"""

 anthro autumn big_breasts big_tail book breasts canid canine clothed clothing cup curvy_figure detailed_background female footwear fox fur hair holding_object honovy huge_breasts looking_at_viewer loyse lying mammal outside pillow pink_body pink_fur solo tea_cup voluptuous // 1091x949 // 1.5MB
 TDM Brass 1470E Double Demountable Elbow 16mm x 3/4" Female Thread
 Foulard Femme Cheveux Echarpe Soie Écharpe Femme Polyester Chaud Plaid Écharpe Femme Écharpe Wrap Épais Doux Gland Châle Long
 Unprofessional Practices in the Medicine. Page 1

"""

- PROBLEM DESCRIPTION: Copy each line of the data exactly, leaving nothing out.

- TASK RESULT:
 anthro autumn big_breasts big_tail book breasts canid canine clothed clothing cup curvy_figure detailed_background female footwear fox fur hair holding_object honovy huge_breasts looking_at_viewer loyse lying mammal outside pillow pink_body pink_fur solo tea_cup voluptuous // 1091x949 // 1.5MB
 TDM Brass 1470E Double Demountable Elbow 16mm x 3/4" Female Thread
 Foulard Femme Cheveux Echarpe Soie Écharpe Femme Polyester Chaud Plaid Écharpe Femme Écharpe Wrap Épais Doux Gland Châle Long
 Unprofessional Practices in the Medicine. Page 1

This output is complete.